> EXERCISE AIM
The response should consist of the data below, copied exactly, with no pictures in it.

EXCERPTED RECORDS Start Marker

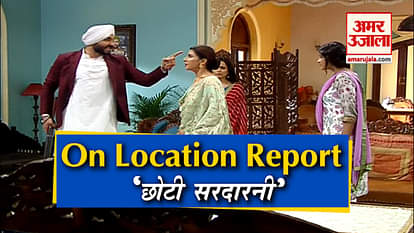 Meher Caught While Filing FIR Against Her Mother on the sets of chhoti sardarni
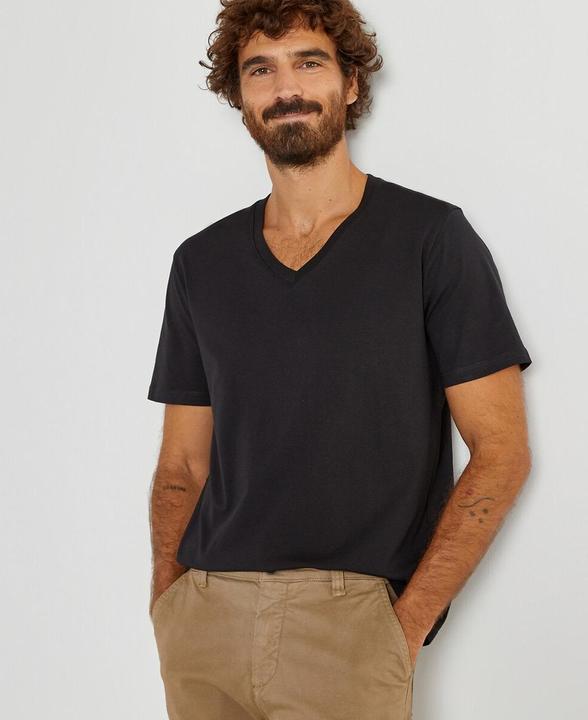 Actual product image La Redoute Collections V-neck T-shirt (3XL)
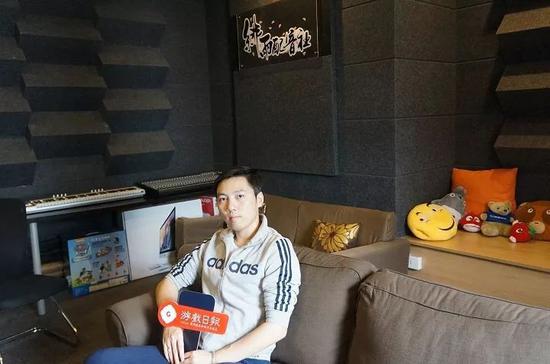 绯雨音乐CEO沈震宇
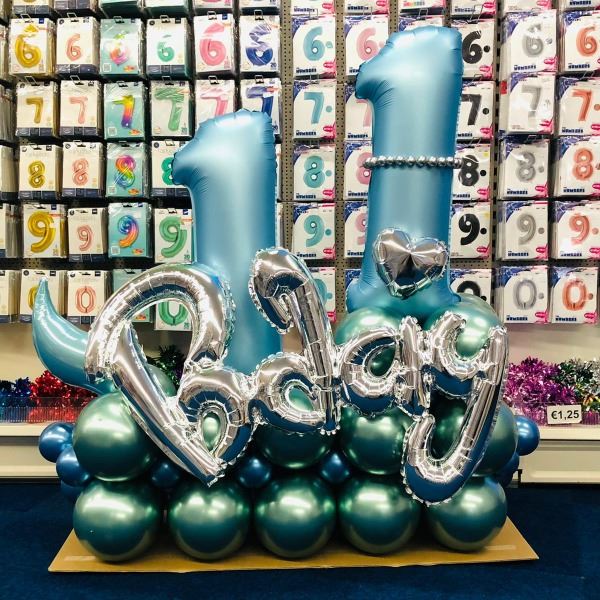 Ballonnen Bouquet - 11 jaar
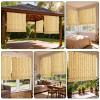 Bamboo Roller Shade with Lift Function view 3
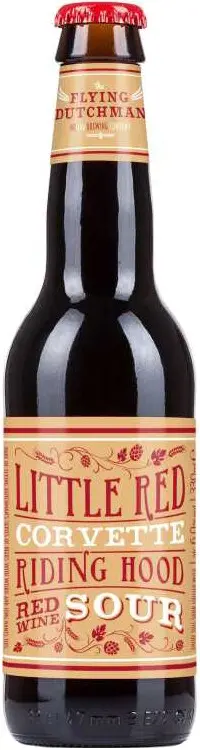 The Flying Dutchman Nomad Brewing Company Little Red Corvette Riding Hood Red Wine Sour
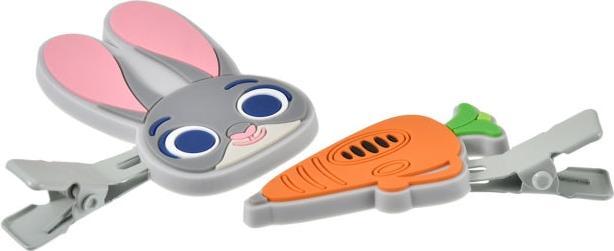 Immagine prodotto Disney Set di fermagli per capelli Judy Hopps a colori (2 pz.)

EXCERPTED RECORDS End Marker

> TASK OUTPUT
 Meher Caught While Filing FIR Against Her Mother on the sets of chhoti sardarni
 Actual product image La Redoute Collections V-neck T-shirt (3XL)
 绯雨音乐CEO沈震宇
 Ballonnen Bouquet - 11 jaar
 Bamboo Roller Shade with Lift Function view 3
 The Flying Dutchman Nomad Brewing Company Little Red Corvette Riding Hood Red Wine Sour
 Immagine prodotto Disney Set di fermagli per capelli Judy Hopps a colori (2 pz.)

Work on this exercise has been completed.